__TASK DETAILS__
The answer must be an exact copy of the entries that follow, with all images removed.

__DATA FOR REVIEW__
········
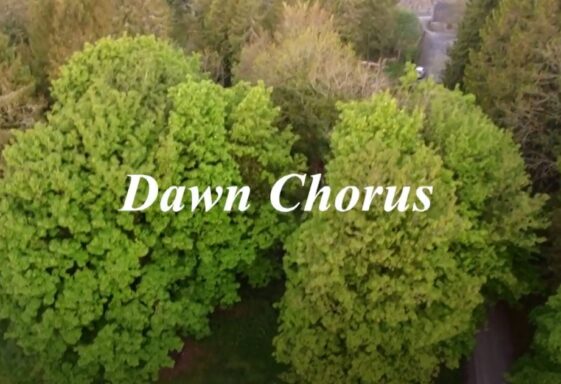 Dawn Chorus
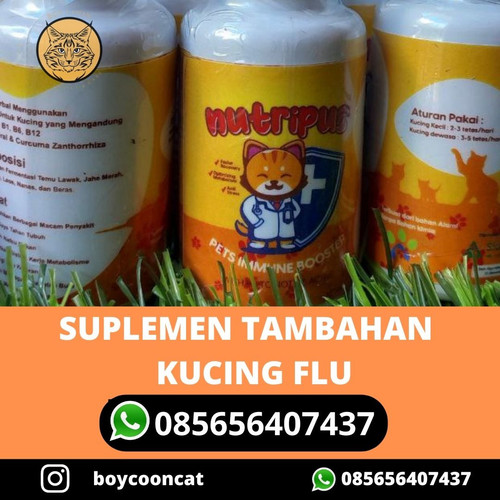 SUPLEMEN TAMBAHAN KUCING FLU.jpg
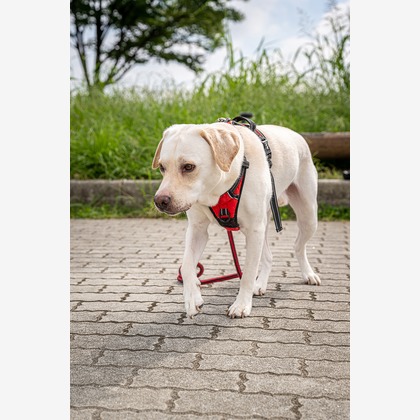 吉田佳央が撮影した「:albumName」の写真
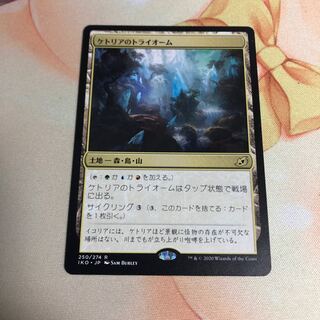 ケトリアのトライオーム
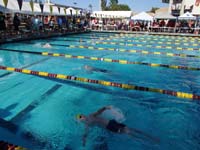 25-swimming_the_backstroke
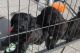 Briard Puppies for sale in Trenton, NJ, USA. price: NA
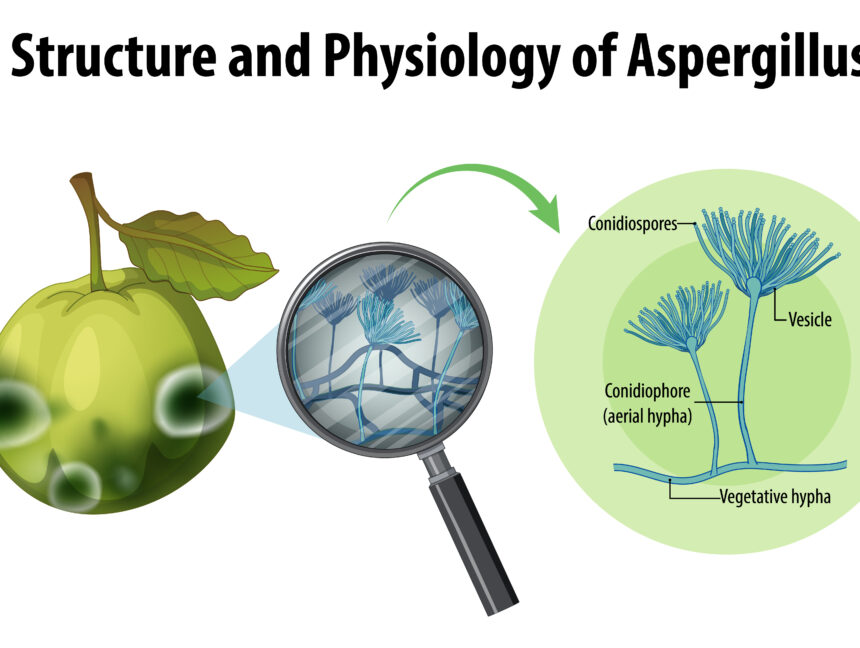 دكتور يوسف مجدي مدرس فسيولوجيا طبيه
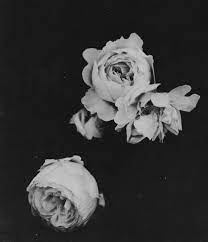 See more ideas about black aesthetic, black and white aesthetic, white aesthetic. Pin By Cpt Skells On My Mood Board Black And White Flowers Black And White Flowers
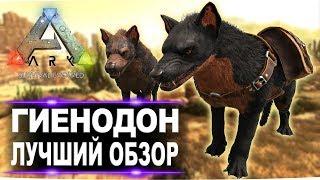 Гиенодон (Hyaenodon) в АРК. Лучший обзор: приручение, разведение и способности  в ark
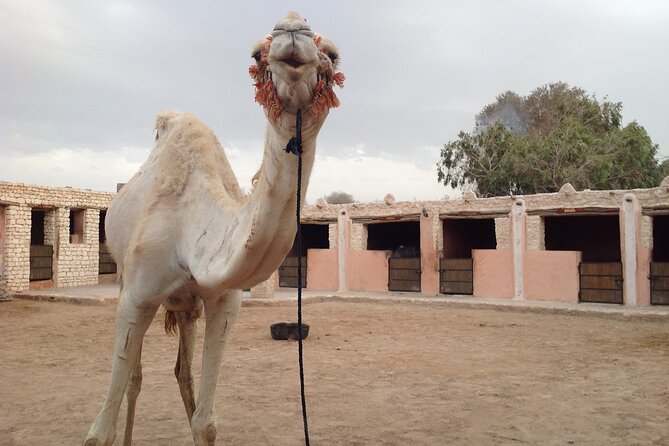 3 Hours Camel Ride in Essaouira With Dinner and Overnight in Berber Camp - Additional Tour Details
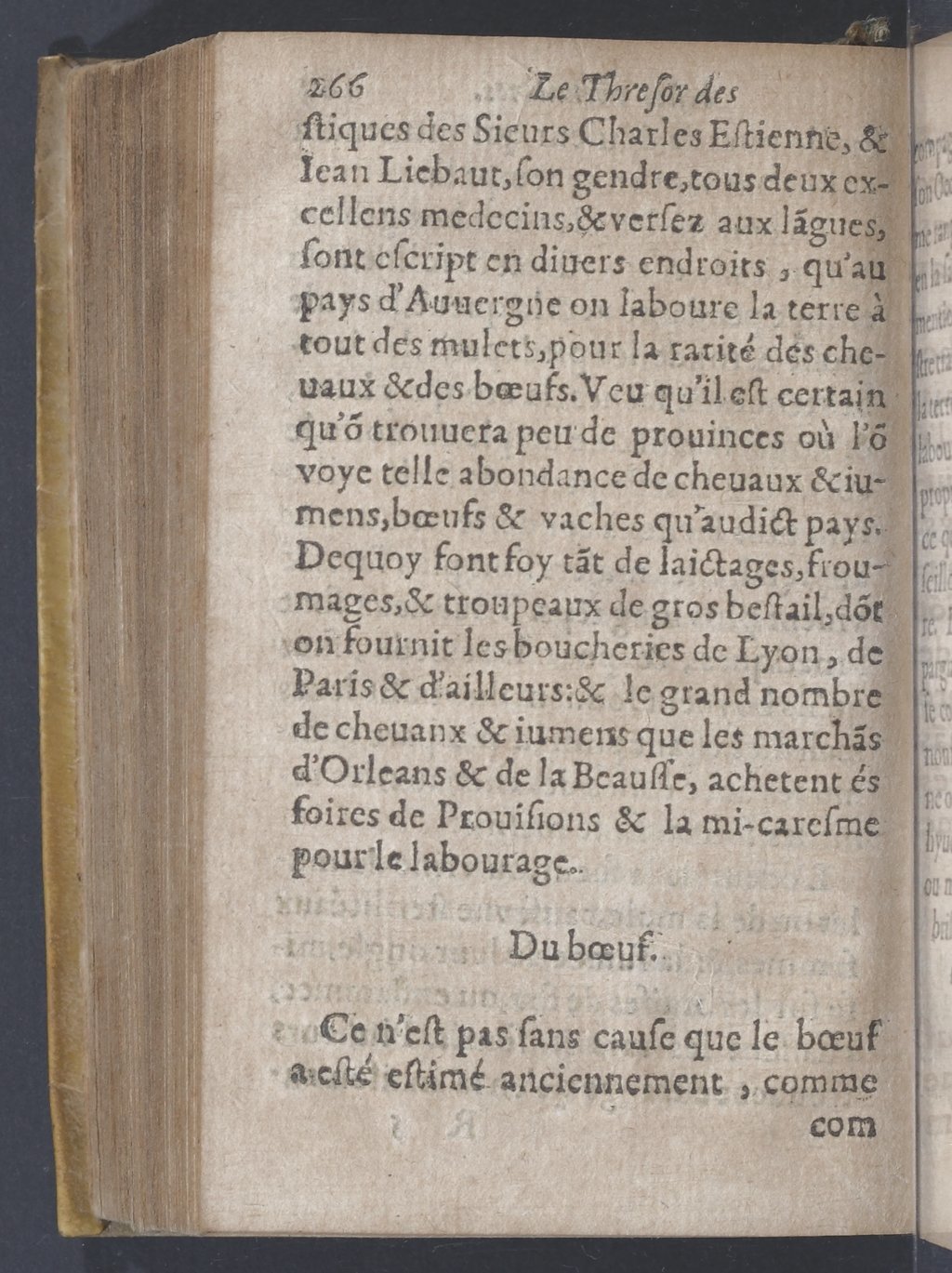 1619 - Pierre Rigaud - Trésor des bêtes chevalines - BnF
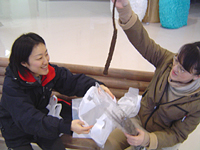 クリックすると大きな画像が出てきます。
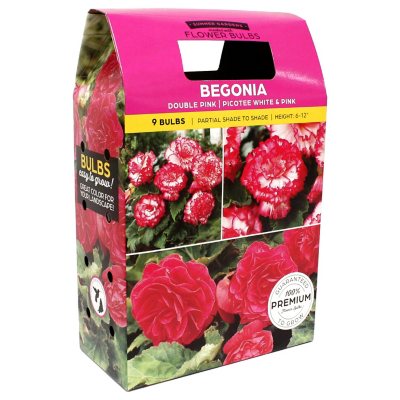 Begonia/Oxalis - Package of 20 Dormant Bulbs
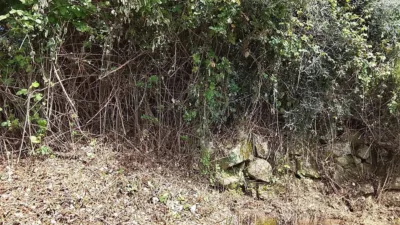Rustic finca in Viandar de La Vera photo 16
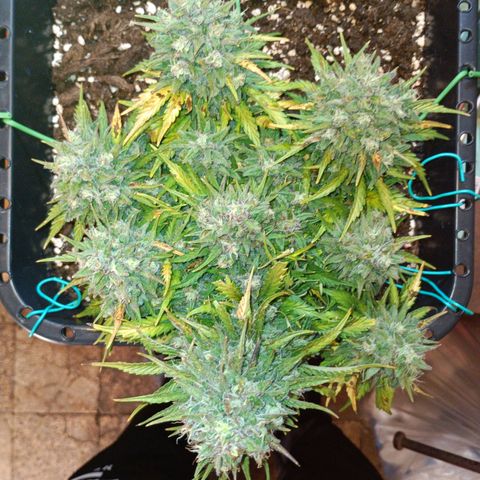 Northen light automatic RQS growlog timeline photo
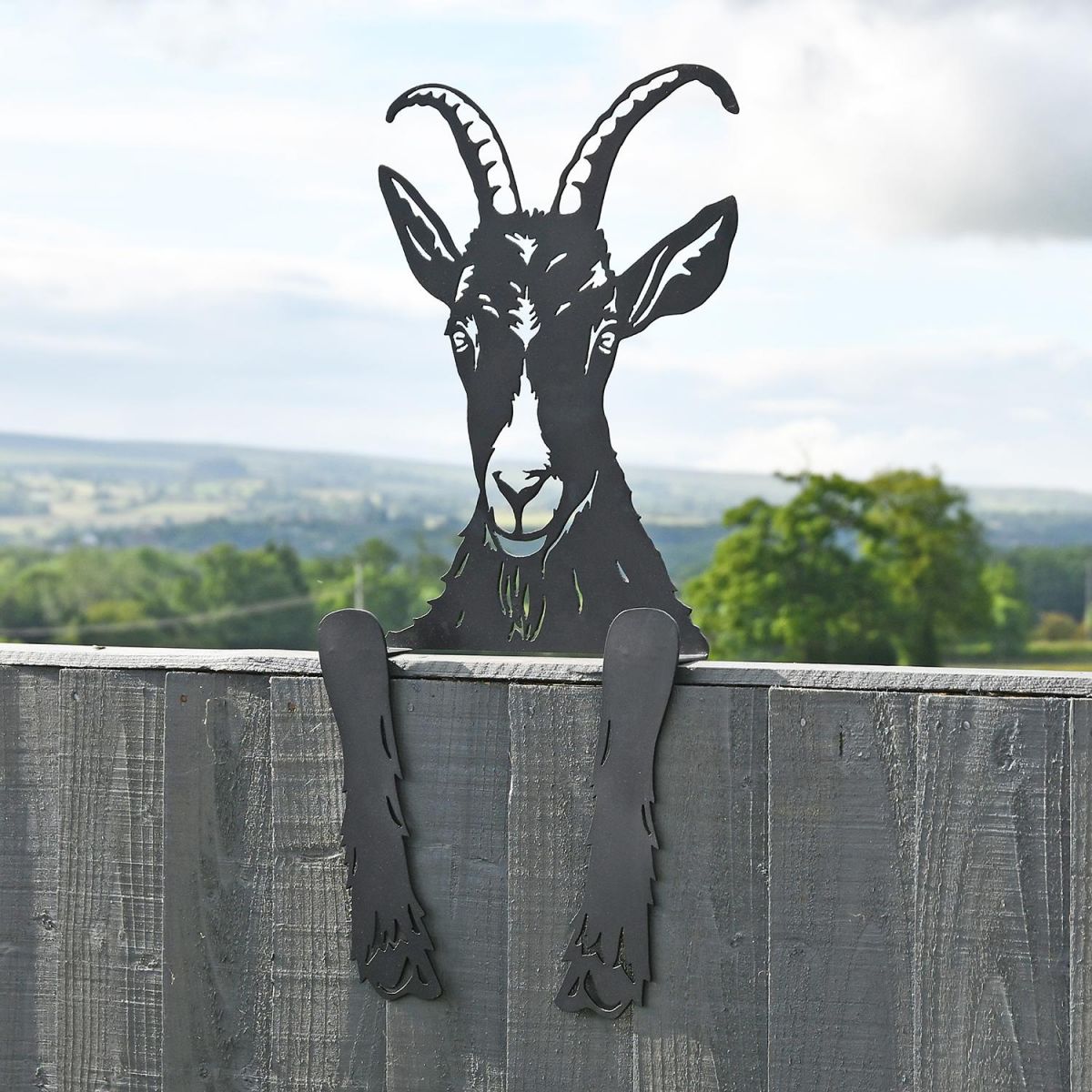 Goat Leaning Fence Topper From the Side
········
__RESPONSE BOX__
 Dawn Chorus
 SUPLEMEN TAMBAHAN KUCING FLU.jpg
 吉田佳央が撮影した「:albumName」の写真
 ケトリアのトライオーム
 25-swimming_the_backstroke
 Briard Puppies for sale in Trenton, NJ, USA. price: NA
 دكتور يوسف مجدي مدرس فسيولوجيا طبيه
 See more ideas about black aesthetic, black and white aesthetic, white aesthetic. Pin By Cpt Skells On My Mood Board Black And White Flowers Black And White Flowers
 Гиенодон (Hyaenodon) в АРК. Лучший обзор: приручение, разведение и способности  в ark
 3 Hours Camel Ride in Essaouira With Dinner and Overnight in Berber Camp - Additional Tour Details
 1619 - Pierre Rigaud - Trésor des bêtes chevalines - BnF
 クリックすると大きな画像が出てきます。
 Begonia/Oxalis - Package of 20 Dormant Bulbs
Rustic finca in Viandar de La Vera photo 16
 Northen light automatic RQS growlog timeline photo
 Goat Leaning Fence Topper From the Side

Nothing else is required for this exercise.